The first thing to straighten out is that your question concerns radiometry, not photometry. Photometric quantities are weighted by the spectral response of the eye. It does not appear that your question involves what a human sees with his eyes.

Intensity in radiometry is radiant power per unit solid angle. The word radiant here specifies that we are talking about a radiometric quantity, not a photometric quantity.

You can get the radiant intensity of your star by dividing $L$ by $4\pi$, the total solid angle subtended by a sphere. (Assuming the star radiates isotropically.) $$I=\frac{L}{4\pi}$$

The quantity $F(\lambda)$ might be better called spectral radiant power or spectral power (the word "radiant" being redundant, but makes it clear that we are not talking about photometry.) Calling $L$ "flux" is ok, but the word "flux" is one of those words that different people give different meanings.

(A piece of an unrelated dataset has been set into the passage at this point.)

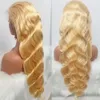 Hotlove Hair, 13x6 przezroczystą perukę czołową 613 HD dla kobiet 12A Body Wave Blondynka koronkowa peruka przednia ludzka wstępnie wyrzucona z włosami dziecięcymi 30 cali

To avoid that problem, I usually call $L$ radiant power, although if I'm writing in a context where radiant flux has already been established as the definition, I'll use "radiant flux".

What you call apparent luminosity I would call irradiance, the total power incident on a unit area, which in this case, is a unit area on earth. ("Apparent luminosity might be a term astronomers use. I don't know.) Watts per square meter. It is obtained by multiplying the intensity by the solid angle at the star subtended by one square meter on earth: $$ \ell = I\Omega = I \frac{1}{d^2} = \frac{L}{4\pi d^2}$$

It can all be very confusing. I think if you use the standard terms as found, for example, on Wikipedia, everyone, including astronomers, will understand you and not get confused by conflicting terms.